===== THE DATA =====
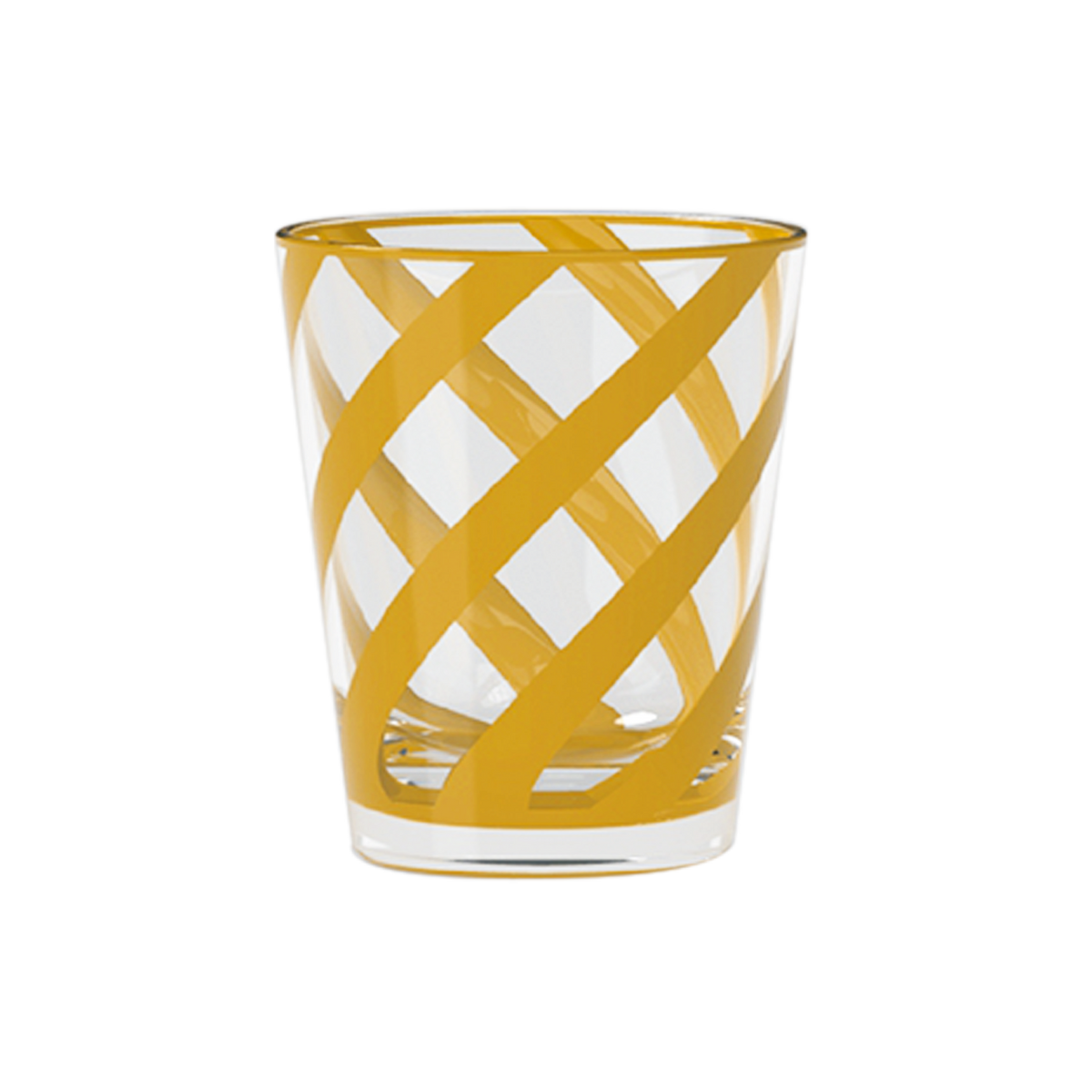 Clear glass tumbler with yellow woven pattern on a white background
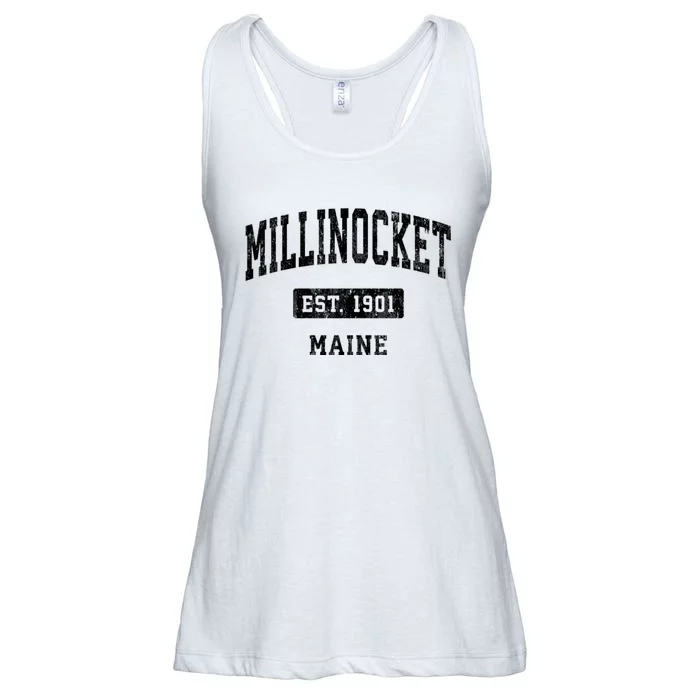 Millinocket Maine Me Vintage Sports Established Design Ladies Essential Flowy Tank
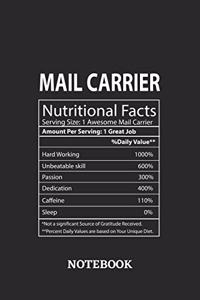 Nutritional Facts Mail Carrier Awesome Notebook: 6x9 inches - 110 ruled, lined pages - Greatest Passionate working Job Journal - Gift, Present Idea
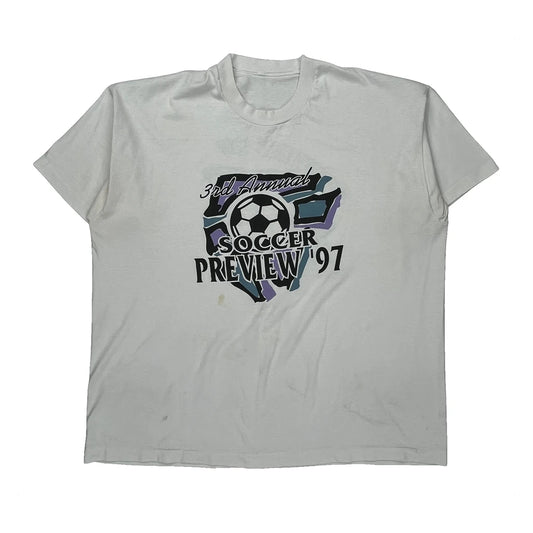 Soccer Preview '97 Unbranded Graphic T-Shirt - XL White Cotton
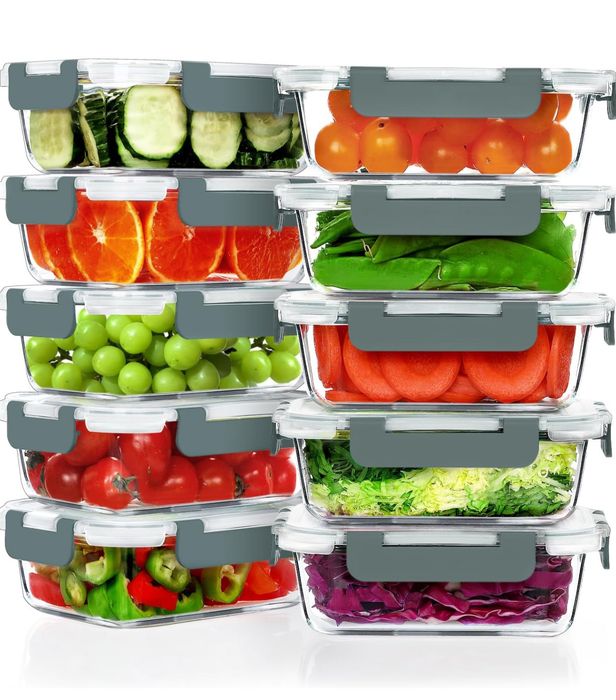 Pojemniki na żywność szklane zestaw 10szt pojemniki na posiłki 650g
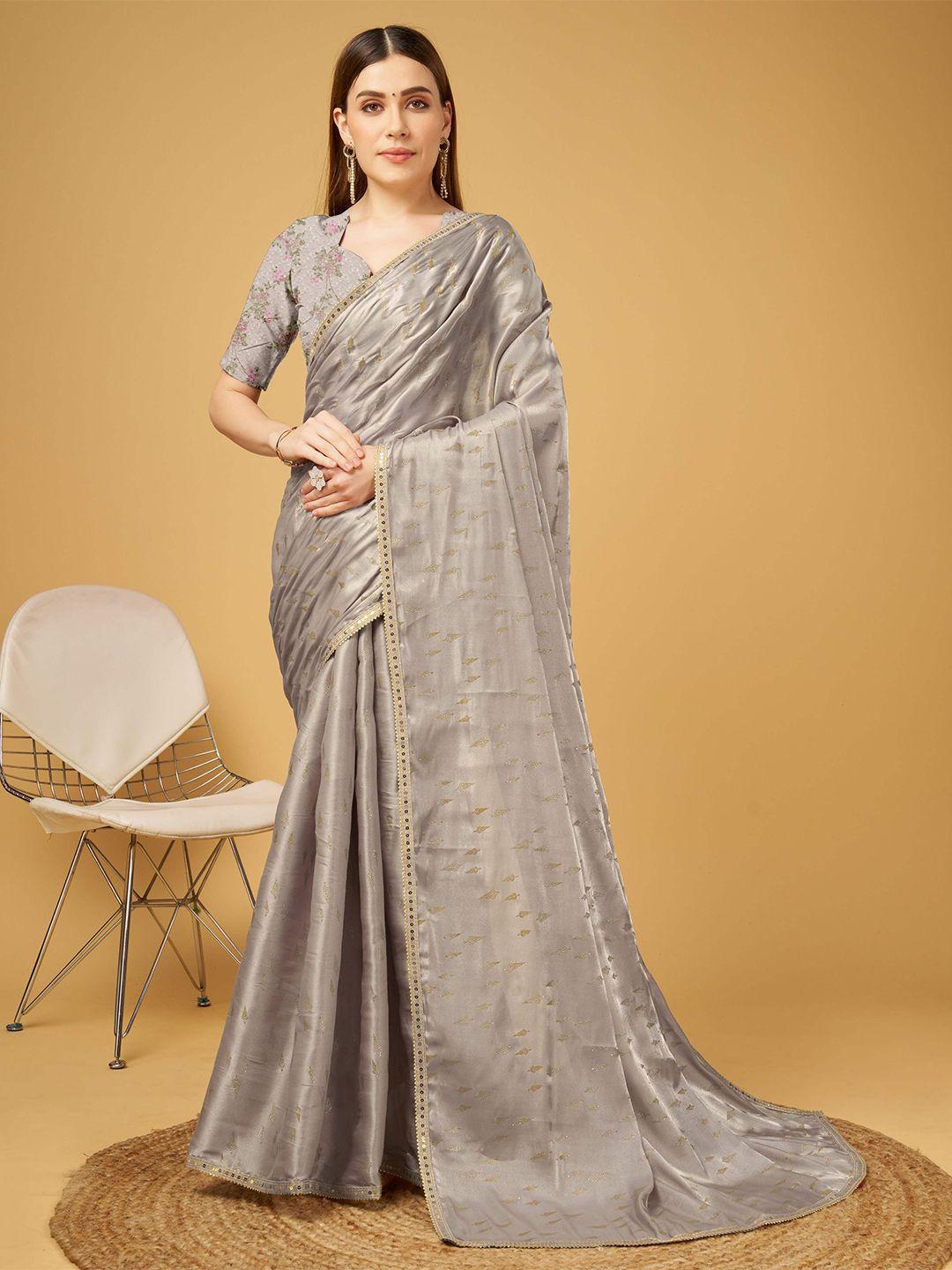 mitera khaki pure crepe designer saree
=====
WHAT YOU ARE ASKED TO DO ▸
Return each record exactly as given, excluding any image.

RESULT OF THE TASK ▸
 Clear glass tumbler with yellow woven pattern on a white background
 Millinocket Maine Me Vintage Sports Established Design Ladies Essential Flowy Tank
 Nutritional Facts Mail Carrier Awesome Notebook: 6x9 inches - 110 ruled, lined pages - Greatest Passionate working Job Journal - Gift, Present Idea
 Soccer Preview '97 Unbranded Graphic T-Shirt - XL White Cotton
 Pojemniki na żywność szklane zestaw 10szt pojemniki na posiłki 650g
 mitera khaki pure crepe designer saree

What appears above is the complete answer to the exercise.